What does that mean for me? Will I fall back into old habits? At the moment I am realizing that urges to substitute alcohol consumption or similar short-term rewarding habits try to get into my habitual system. Here is where it gets worse.
Reality can be an a*hole, but the consideration of getting back to where I was half a year ago is not negotiable, since I exactly know where I came from and where it will lead to.
The only way to get through this phase of “getting” or “being worse” is to master
- Willpower to abstain from bad habits
- Surfing the urges
- Deconstructing the feelings
- Building new and more sustainable habits
- being self compassionate and open
The Willpower is definitely there. Or, the resilience to push it back and to adapt to the fact that drinking alcohol is nothing to take into consideration. Reframing and reaching out is very helpful in this process. Also, additional information sources like Podcasts, books, programs and coaching help very well.
Surfing the urges is a very helpful awareness technique to call back into my memory that the bad feelings of anxiety or hollowness are only temporarily.
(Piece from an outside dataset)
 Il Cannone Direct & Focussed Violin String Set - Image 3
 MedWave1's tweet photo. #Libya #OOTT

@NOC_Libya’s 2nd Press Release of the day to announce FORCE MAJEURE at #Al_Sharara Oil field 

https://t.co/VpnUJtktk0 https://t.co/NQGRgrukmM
Plus:
Deconstructing the emotions helps to internalize the realization that going back to hazardous habits is not desirable and nothing to take into consideration.
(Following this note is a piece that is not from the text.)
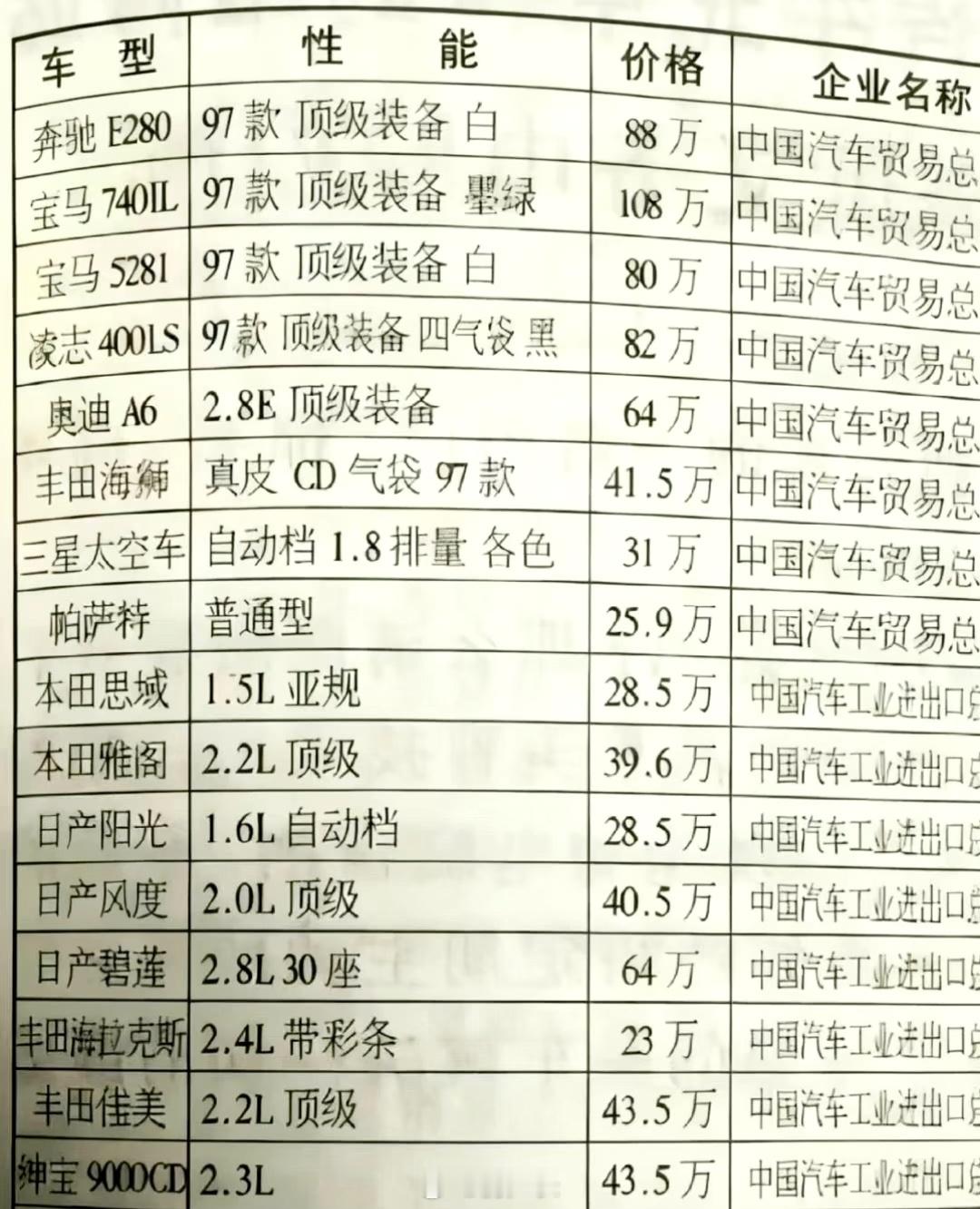 小时候的梦想是长大开雅阁，现在太容易实现了​​​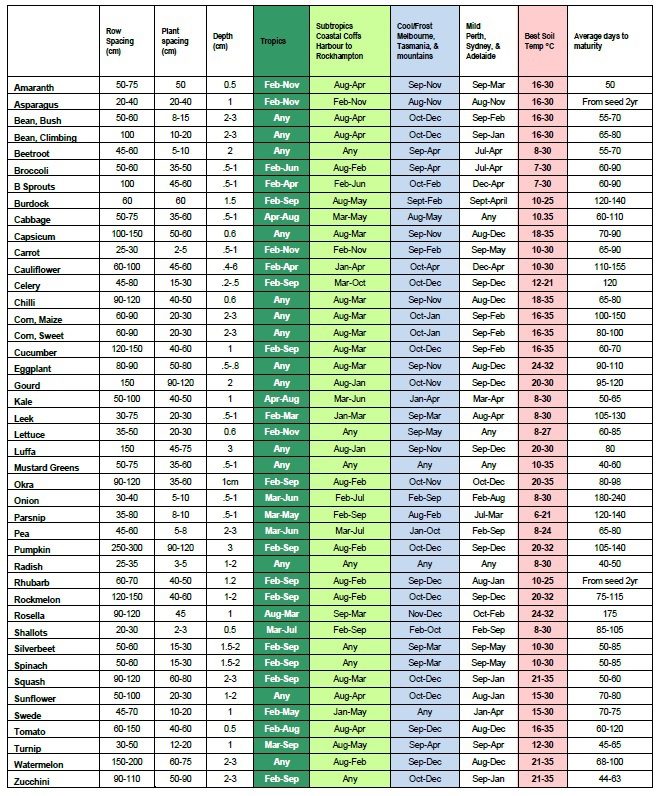 GENERAL PLANTING GUIDE FOR AUSTRALIA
Building new and more sustainable habits takes time, but taking one step at a time is a large part of my recovery process, and the structure of habits I have established over the day delivers Micro-rewards over the day helping me to sustain sobriety and building on better habits.
Being self compassionate is a great way to deal with shame and the feeling of failure in times when you don’t stick 100% to your habits. The rebuilding of my reward system is also pretty helpful, because it keeps me mindful of the process of building sustainable habits, monitoring my process and giving me alternatives to have rewards apart from sugar, doom scrolling, eating or alcohol. This will be, however, a different post.
All in all, I can sum up by saying: It had to get worse, I had to realize that, I dealt with it, now I am building up the new house. So, I have rock bottom already behind me, but the way up can be steep and difficult.